Alan hung around outside her house, discreetly, of course. He didn’t want her noticing him. Not yet, anyway. He didn’t know how long he’d have to wait, but most mornings she went for a run, often just to the park and back, but sometimes she took a longer run in the direction of the downs. He hadn’t followed her on the longer run, but he’d watched her head off. This morning she came down the front steps of her house and headed towards the park. She was dressed in black lycra running shorts and a pale, tight-fitting pink vest top. He took it as a positive sign. Pink was his favourite colour.

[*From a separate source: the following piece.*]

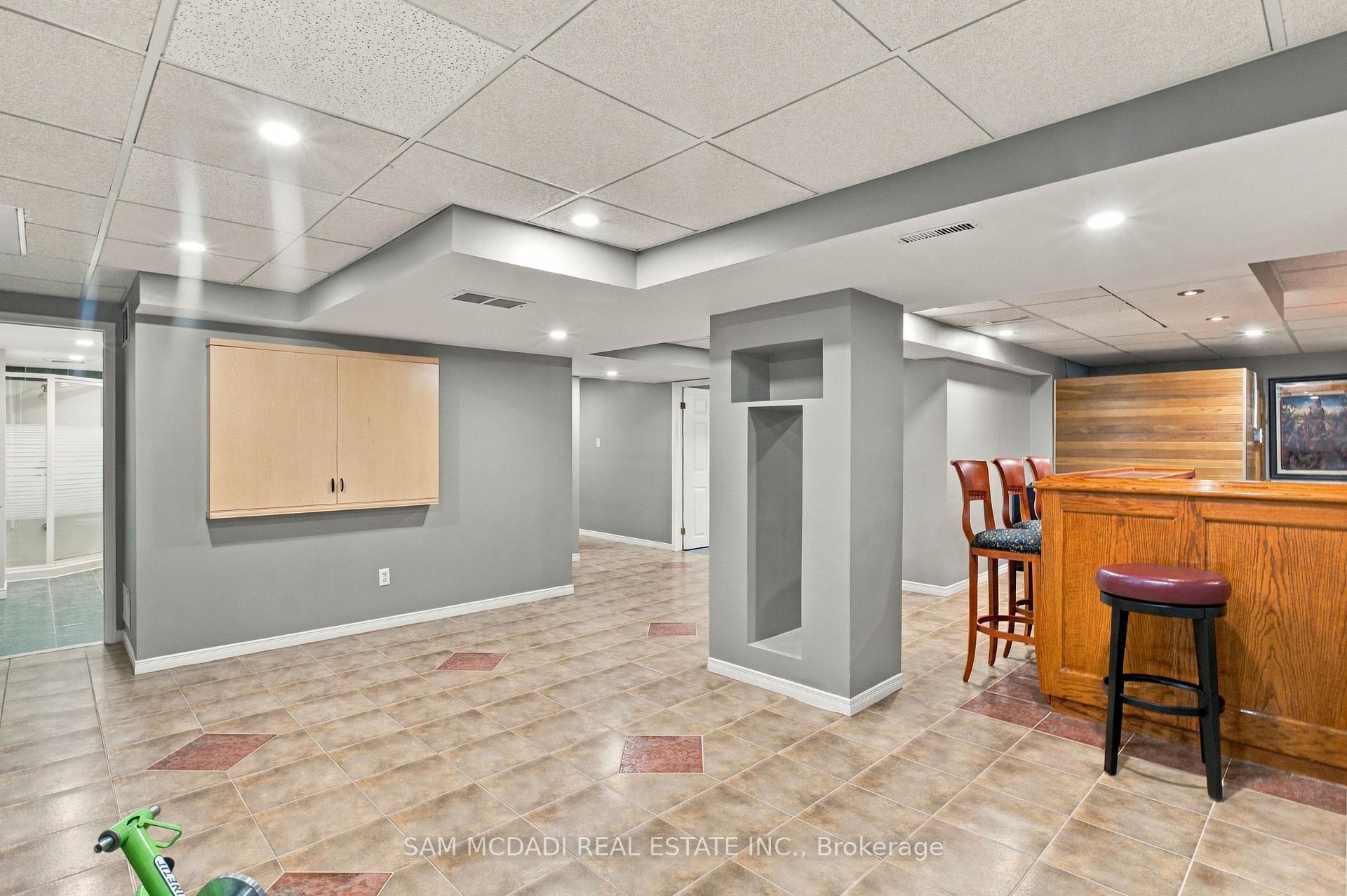 Photo 48 of 5289 Fallingbrook Drive, Mississauga, East Credit — HOMEH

For all her regular activity, she wasn’t a fast runner. Alan was able to catch up with her, jog along beside her for a little way and make polite conversation. He found out that her name was Flora. He made a joke about the margarine, which didn’t go down well, and things felt off after that. It was because he wasn’t dressed in proper running clothes, but she became uncomfortable. She said goodbye and speeded up, joining with a group of other morning runners in the park. He would need to do something else. In the meantime, he went off to photograph the fading cherry blossom.

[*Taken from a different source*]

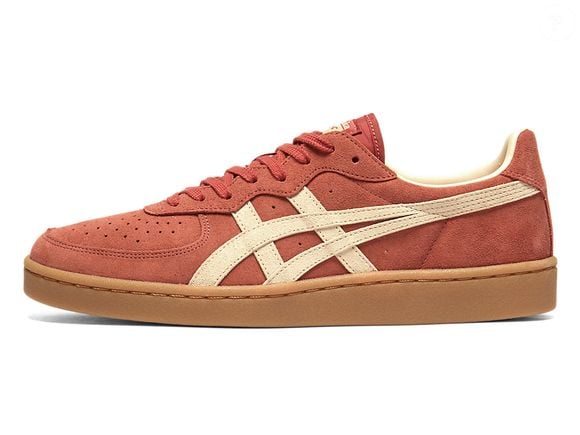 O Onitsuka Tiger GSM é uma alternativa para quem deseja variar os tênis do guarda-roupa sem abrir mão de um design clássico. Inspirado nos modelos de quadra dos anos 1980, o calçado combina referências esportivas com uma proposta elegante e versátil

Two afternoons later he was waiting outside her house on the off chance. If she came out, he intended to walk past casually, as if just passing by, and equally casually call out her name in greeting, one running buddy to another. When she did emerge, however, he was oddly hesitant and she had run off in the direction of the downs before he’d had a chance to respond. He followed her, but at a distance.
Her route took her out of town and up on to the high green slopes of the downs. She might not have been fast, but she was a steady runner and Alan was soon struggling to keep her in sight. He thought he’d lost her, but came across her suddenly taking a rest break up by the mounds, hollows and old stones that were all that were left of some ancient, partially collapsed barrow tombs. She was perched on top of one of the smaller stones, stretching. As he came up behind her, as planned he called out her name in greeting, but an owl suddenly shrieked, the sudden noise surprised her and her name being shouted out by an almost total stranger startled her further. She turned and slipped, falling and off the stone. She lay splayed on the ground at its base. She must have struck her head on the way down because there was blood in her pale blond hair. It lay fanned out from her head like some exotic flower with a blood red centre.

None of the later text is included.